There went his home office.
“And later on, to confirm that you’ve completed the training series.”
“I chose the online option. No sitter required.”
“Okay. Other questions?”
“What are the Pelletiers chances for regaining custody?”
She sighed. “As I told you back when all this started, the system is geared toward family reunification. After they complete th
e assigned counseling sessions and psychological evaluations, CPS will take another look at the Pelletiers’ parenting capabilities, the possibility of repetition of the pattern of neglect, and the degree of the boys’ emotional attachment to their parents. Assuming they pass the psych evals and comply with the ruling, the children will most likely be returned to them.”
“And if they don’t?”
“At that point, the children typically remain in foster care for another six months.”
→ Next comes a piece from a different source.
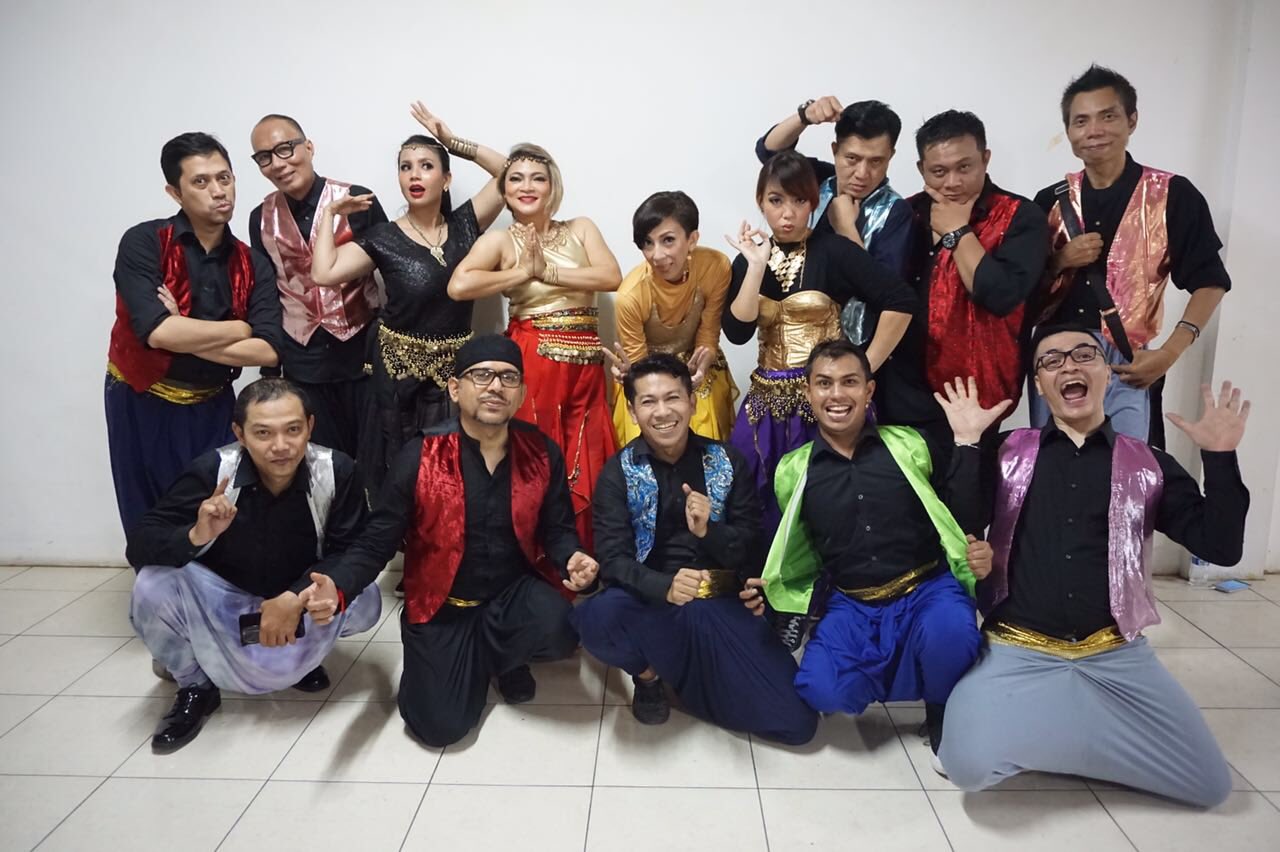 1612779678-Band-KSP.jpg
Alex sighed and rubbed a hand over his face. “Then what?”
“The kids’ welfare is paramount. Research shows that in most cases, reunification is usually best. After six months to a year—again, depending on all those factors I told you about—the court can proceed with terminating the parents’ rights, making the children eligible for adoption.”
Livvie hesitated. “Off the record? I would caution you to maintain your perspective through all this. Expect pushback. Especially from people like the Pelletiers, who can afford good lawyers.” She gave him a meaningful look. “After all. They have their reputations to protect.”
She went behind her desk, took her seat, and neatly slit Alex’s envelope open. “I’ve informed the judge that this is a special case and he’s agreed the boys can remain where they are while you’re taking the classes.”
“Thanks, Livvie. This wouldn’t have happened without you.”
Livvie looked at him straight on as she inserted the chief’s recommendation into a thick yellow packet. “Remember what I said. You’re going to have good days and bad days. Just like any family.”
Alex held out his hand. Just give me the papers. By now he was itching to take possession of the packet with his name on it.
Finally, she extended the envelope to him. “Congratulations, Officer Walker. You’re a foster dad.”
Chapter Thirty-two
Kerry and Alex lounged at a table in the shade of an umbrella at the Community Pool, studying their respective broods.
No sooner did Tyler jump off the board than he climbed out and got right back in the continuously circulating line of kids to dive again.